Dans ce scénario, la demande pour nouveaux avions chuterait de 50 % au cours des dix prochaines années, ce qui entraînerait des mesures d’austérité pour réduire les effectifs et se restructurer. Toutefois, les commandes existantes et les obligations contractuelles des entreprises atténueront certains des effets de la pandémie.
Étant donné que l’ERR est déterminé par la taille et l’activité de vol des flottes mondiales, ce domaine est le premier à subir des ondes de choc dus à la pandémie. Une fois que les avions sont cloués au sol, la demande d’entretien liée à l’ensemble du cycle de vol diminue. Les fournisseurs de services d’ERR et de pièces détachées seraient touchés, car les ateliers d’ERR utiliseraient d’abord les stocks existants avant d’acheter de nouvelles pièces aux fournisseurs.
Si les prix du pétrole restent bas, les compagnies aériennes peuvent se permettre de faire voler des avions plus anciens et moins économes en carburant, ce qui aura également des répercussions sur la fabrication et l’assemblage des avions.
Trois défis sont à prévoir indépendamment du scénario et de la durée des restrictions concernant les voyages.
- Report ou annulation des commandes d’avions.
- Attendre le retour du nouvel avion.
- Réduire au minimum le temps nécessaire pour ajuster les chaînes d’approvisionnement.
Après la pandémie
La réduction des activités des équipementiers et des fournisseurs est probable, car ils doivent s’adapter à de nouvelles réalités, comme la perte des économies d’échelle.
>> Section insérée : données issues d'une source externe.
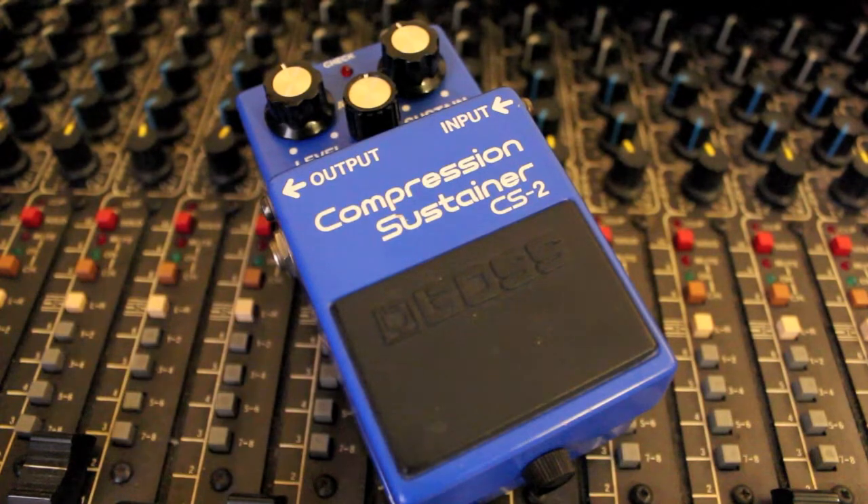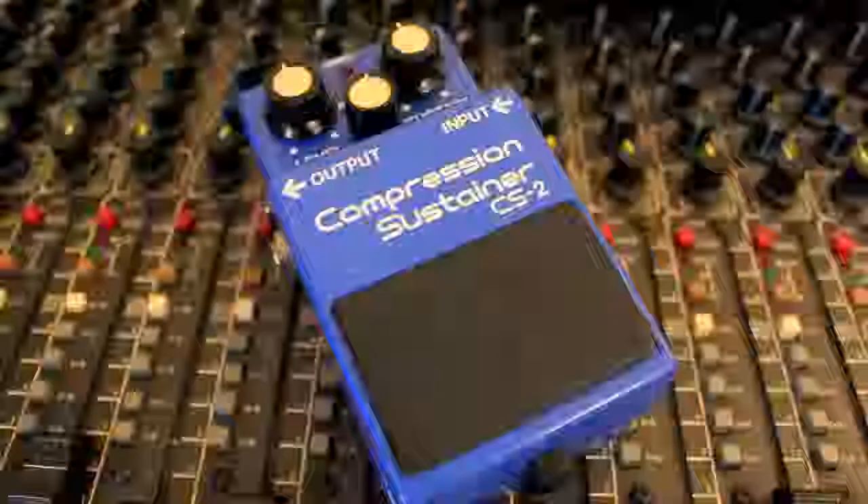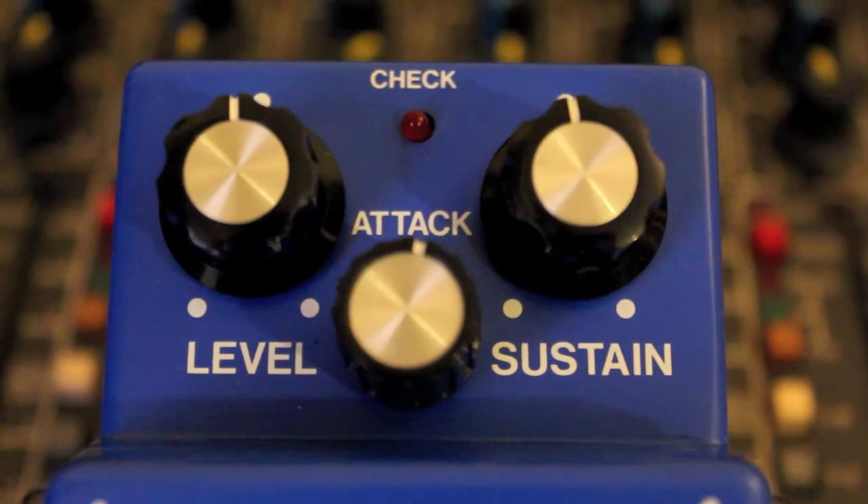Today we are going to take a look at the Boss Compression Sustainer CS2. These were produced from around 1981 until 1986. This pedal is 3 controlled: level, attack, and sustain.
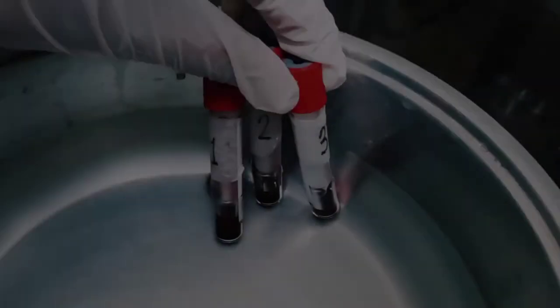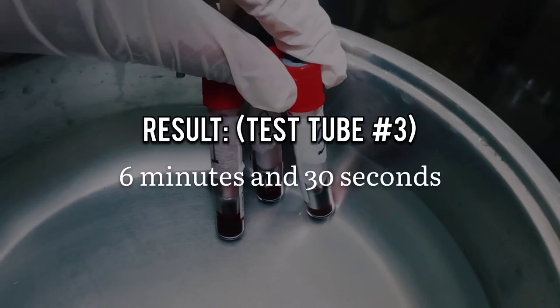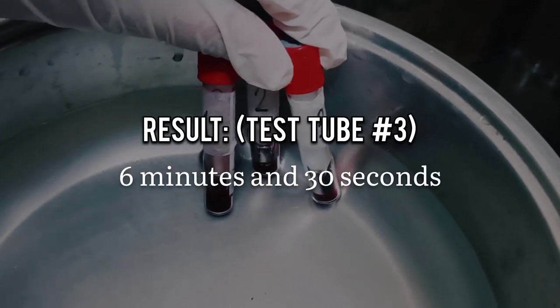Since agitation and handling speed up coagulation, the clotting time of tube number 3 is the reported result.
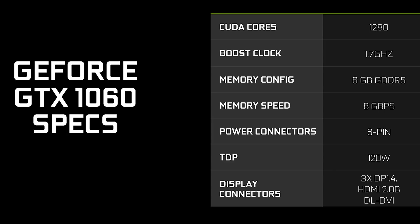Specification-wise, what do we know for sure? NVIDIA has only officially stated that it will have 1280 CUDA cores, which is exactly half of the CUDA cores found on the GTX 1080. It will have a boost clock of 1.7 GHz, 6 GB of GDDR5 memory running at 8 Gbps, a 120-watt TDP, and it's built on the same 16-nanometer process technology as the rest of Pascal.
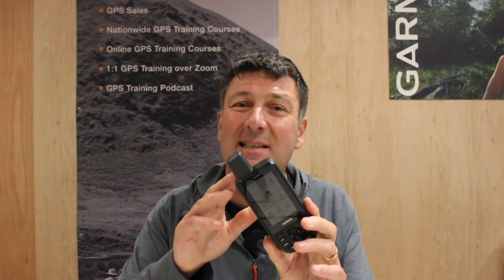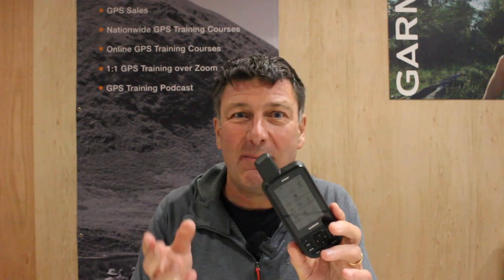So what kind of screen sizes do we have on an outdoor GPS unit? Something like an E-TREX 22X or 32X has just a 2.2-inch screen. When we jump up to the GPS Map series — the 65, 66, 67, 67i, etc. — we've got a 3-inch screen, measured diagonally. And then we jump up to the Montana, which has a massive 5-inch screen.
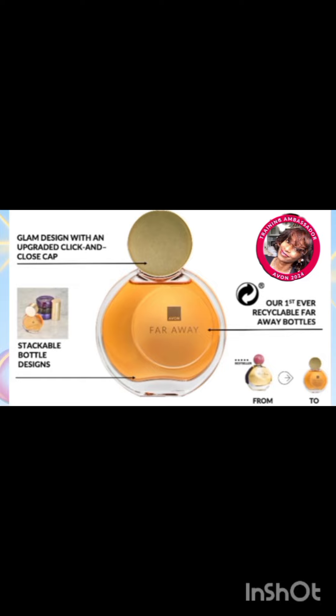The new Avon Faraway 50ml bottles are recyclable, they are also stackable, and guess what — we finally have a push-and-click lid that is easy to use.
Les entreprises devront également procéder à des ajustements en matière d’efficacité, qui peuvent prendre la forme d’une automatisation. Celle-ci permettrait de réduire les contacts entre humains et pourrait être considérée comme une mesure de santé et de sécurité compte tenu des nouvelles circonstances. Il se peut également que des fournisseurs en situation plus précaire abandonnent le marché et qu’on assiste à une certaine consolidation de l’industrie.
Les équipementiers pourraient avoir une plus grande présence et une plus grande concentration dans l’industrie ou il pourrait y avoir un modèle industriel plus équilibré entre les équipementiers et les fournisseurs de niveau 1.
Une intervention gouvernementale pourrait s’avérer être nécessaire au moment où les entreprises passent à un nouvel environnement opérationnel.